RNA-based regulation of transposon expression.

Abstract

Throughout the domains of life, transposon activity represents a serious threat to genome integrity and evolution has realized different molecular mechanisms that aim to inhibit the transposition of mobile DNA. Small noncoding RNAs that function as guides for Argonaute effector proteins represent a key feature of so-called RNA interference (RNAi) pathways and specialized RNAi pathways exist to repress transposon activity on the transcriptional and posttranscriptional level. Transposon transcription can be diminished by targeted DNA methylation or chromatin remodeling via repressive Histone modifications. Posttranscriptional transposon silencing bases on degradation of transposon transcripts to prevent either reverse transcription followed by genomic reintegration or translation into proteins that mediate the transposition process.

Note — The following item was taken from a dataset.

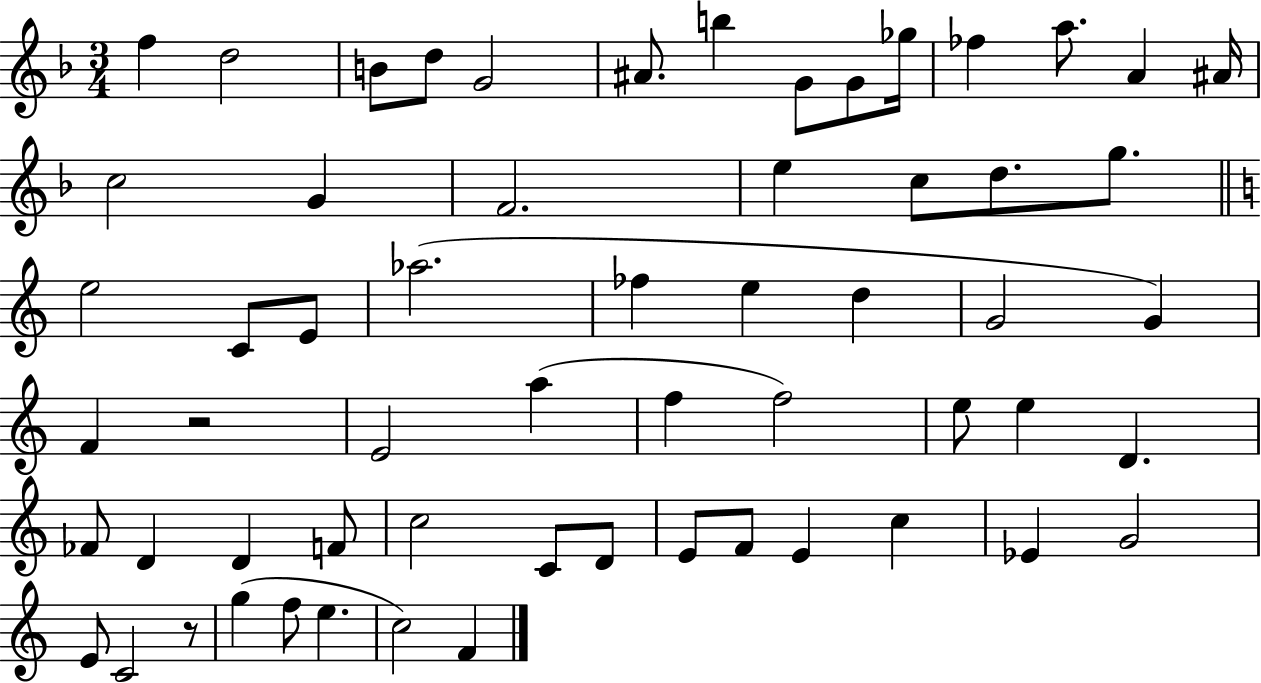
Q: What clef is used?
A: treble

In plants, Argonaute-like proteins guided by short interfering RNAs (siRNAs) are essential for transposon repression on the epigenetic and posttranscriptional level. In the germline of animals, these tasks are often assumed by a second subclass of Argonaute proteins referred to as Piwi-like proteins, which bind a distinct class of small noncoding RNAs named piwi-interacting RNAs (piRNAs). Though the principals of RNAi pathways are essentially the same in all eukaryotic organisms, remarkable differences can be observed even in closely related species reflecting the astonishing plasticity and diversity of these pathways.